Glass ceilings are hardly exclusive to New York. In the four next largest American cities, women’s hold on local councils comes, collectively, to just over that same 25 percent. In Los Angeles, they account for 2 of 15 councilors; in Chicago, 13 of 50; in Houston, 4 of 16; and in Philadelphia, 6 of 17. And they’re no better off in most American legislative bodies.

But women in the New York City Council are sliding backward. A decade ago, they held 18 seats, the most ever. Term limits partly account for the subsequent decline. Those limits forced some women to leave, and men ended up being elected in their stead. The dwindled numbers impelled members of the Council’s women’s caucus to warn in a report last month that “we face a systemic crisis of representation.”

That the very nature of a legislature can be shaped by gender balance is self-evident. This is true on a broad range of issues, but conspicuously so on matters like child care, maternity leave and preventive cancer screenings. At the federal level, how could heads not shake in May when Mitch McConnell, the Senate majority leader, formed his working group on health care? He initially thought it was fine to go with 13 men and no women.

“Women legislators bring with them lived experiences and crucial viewpoints that allow them to identify and take on the unique challenges that women face,” the New York women’s caucus aptly said.

Women’s light presence in government is not a case of their faring worse than men at the ballot box. The CUNY Institute for State and Local Governance, a research group at the City University of New York, found that the sexes win or lose elections nationwide at about the same rates. The issue, the institute said in a report last September, is that women tend not to run for office in the first place.

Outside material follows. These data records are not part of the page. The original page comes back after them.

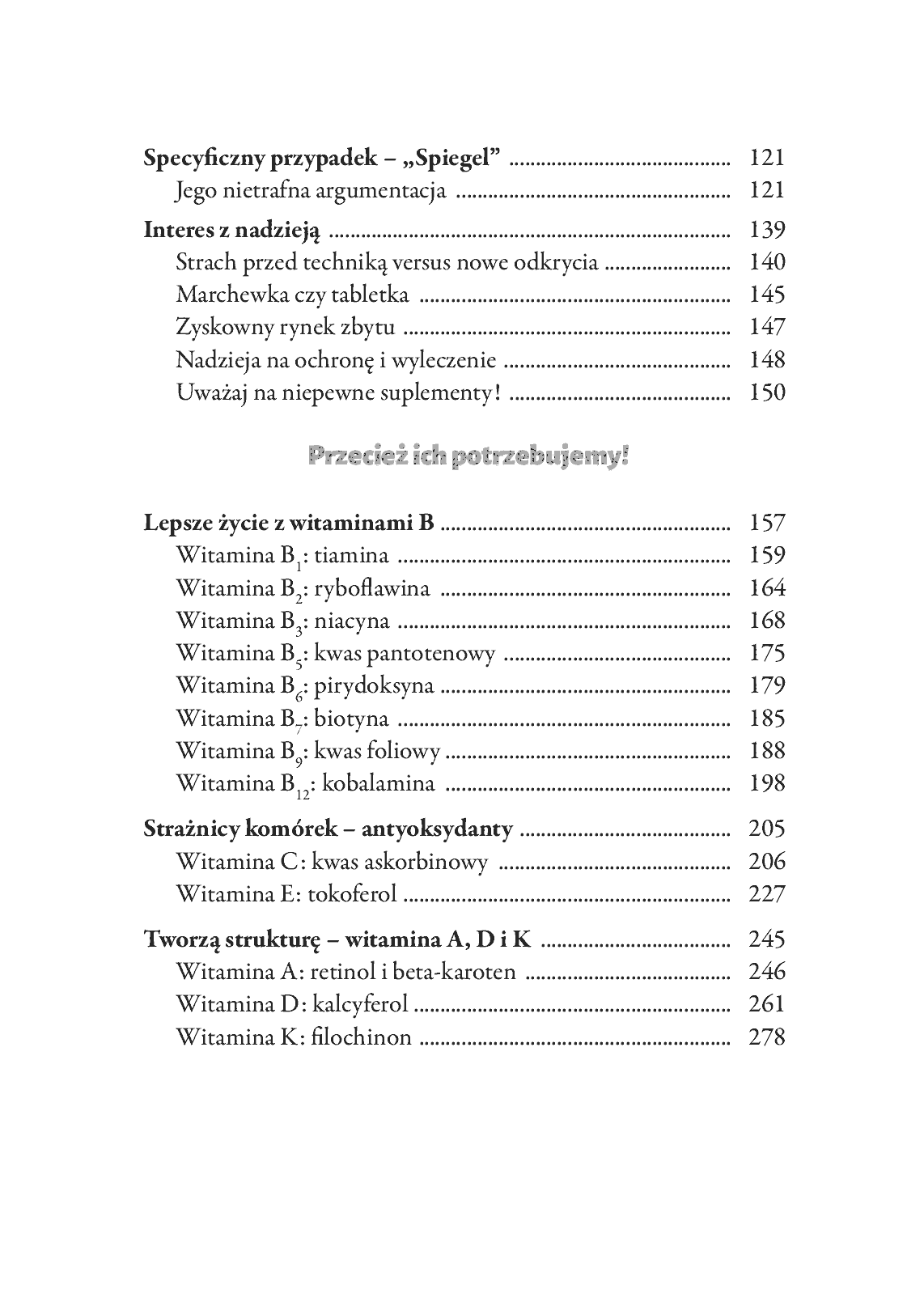 Fragment „Witaminy - czy i dlaczego pomagają” — strona 9 z 30
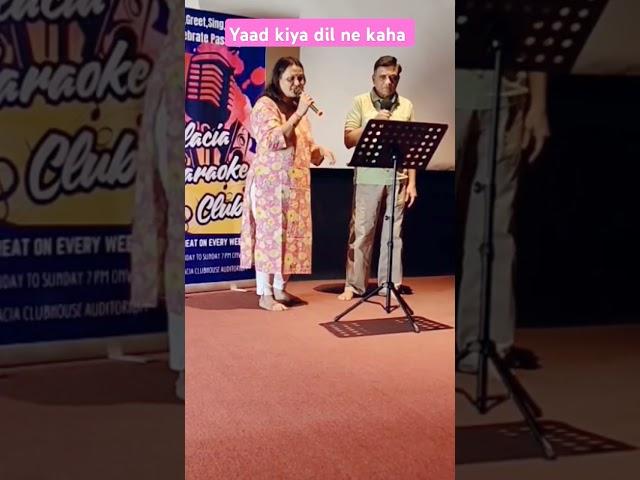 Yaad kiya dil ne kaha| Sonal Wani & Rasik ji|#Hemant kumar#Lata MangeshkarSuperhit songs #Dev Anand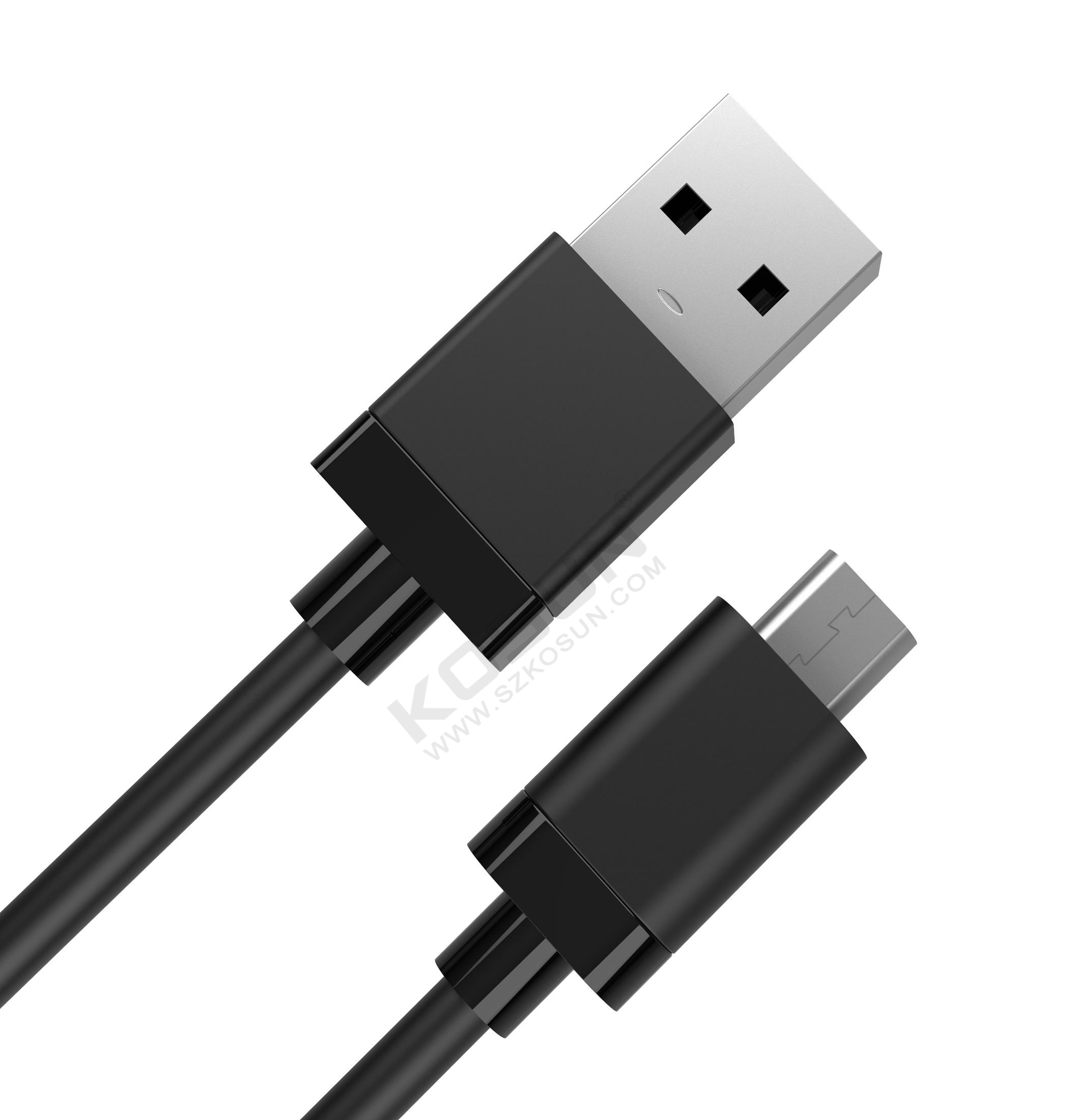 2.4A MICRO data and charging cable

Why is that? Some social scientists cite traditional family arrangements that limit women’s career choices. Researchers at the Brookings Institution have found what might be called an ambition gap, with women underestimating their abilities and chances for success. It makes them less likely than men to even consider seeking public office, or to have political professionals encourage them to run.

This week’s voting in New York may have reflected that. Out of the 113 Democrats running in contested Council districts, only 38 were women. Of the 33 districts with Democratic primaries, 11 had not a single woman on the ballot. (In contrast, two districts had only female candidates; both seats are already held by women.)

Political parties and advocacy groups, like the recently formed 21 in ’21, need to do their utmost to recruit women if there’s to be any chance of closing that ambition gap. Getting young women engaged politically, in college or even earlier, is especially important. The way things stand, women may hold up half the sky, as a saying goes, but politics is proving to be a heavier lift.